Kate De Goldi’s last book, The 10PM Question, was a wonderful story and won many awards. It’s a story that’s loved by adults and children alike, and Kate’s latest book, The ACB with Honora Lee, is bound to have the same crossover appeal. I first heard about it when Kate talked about it at the Schools Programme for the Christchurch Writer’s Festival and I’ve been dying to read it ever since. I immediately fell in love with Perry and the residents of Santa Lucia.
Perry’s mother and father are busy people … they’re impatient, they’re tired, they get cross easily. And they think that only children, like Perry, should be kept busy. On Saturday mornings Perry and her father visit her gran, Honora Lee, at the Santa Lucia rest home, but Gran never remembers them. ‘Who is that man?’ Honora Lee asks when Perry’s father leaves the room. After movement class is abruptly cancelled, Perry is allowed to go to Santa Lucia on Thursday afternoons. She discovers her Gran has an unconventional interest in the alphabet, so Perry decides to make an alphabet book with the help of Honora and the others. Soon everyone is interested in Perry’s book project.

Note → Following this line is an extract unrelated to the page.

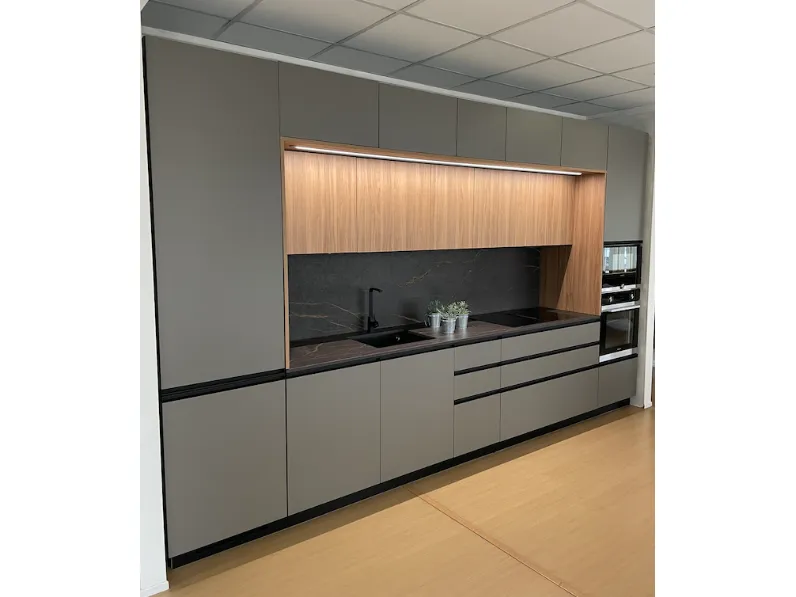 CUCINA lineare Miton Menta SCONTATA 55%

The ACB with Honora Lee is a quirky story about an unusual girl who finds friendship in an unlikely place. The story is brimming with humour, joy, wisdom, and a cast of colourful characters. It’s set in the Beckenham loop in Christchurch (where I live) and I only wish that I could go and meet Perry, Honora Lee, Dorris and the rest of Kate De Goldi’s characters. Perry is a unusual girl, who acts and sounds older than her 9 years. She seems quite lonely when we first meet her. Her parents are wrapped up in their own problems and don’t seem to have time for her. They don’t take much notice of her and enroll her in after school activities that she doesn’t really enjoy. Even when she really enjoys going to visit her gran and the others at the rest home, her parents don’t understand. Perry makes lots of new friends at Santa Lucia, including her gran’s friend, Doris, and Stephen and Audrey who work there. The fact that her gran doesn’t remember her doesn’t seem to worry Perry, she just reminds her who she is each time she visits. The thing that I like the most about Perry is her love of words. If she hears a word she doesn’t understand she has to find out what it means.

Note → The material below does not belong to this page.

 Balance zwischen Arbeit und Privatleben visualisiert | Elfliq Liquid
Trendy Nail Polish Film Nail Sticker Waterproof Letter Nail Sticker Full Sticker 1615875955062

Perry’s gran, Honora Lee, is a real character. She may not remember who the people around her are, but she remembers songs and lines of Shakespeare. As one of the characters describes her, she’s ‘crabby as an old apple,’ but she comes out with some hilarious lines. I especially like it when her and Perry are playing I Spy, because she always gets it around the wrong way. Here’s a great example, ‘I spy with my little eye,’ said Gran,’something beginning with fat.’
It’s Kate De Goldi’s whole cast of wonderful characters that make The ACB with Honora Lee such an enjoyable read. Their interactions provide some funny, embarrassing and touching moments. It’s a story that will be enjoyed by the young and the young at heart and it will leave you with a smile on your face.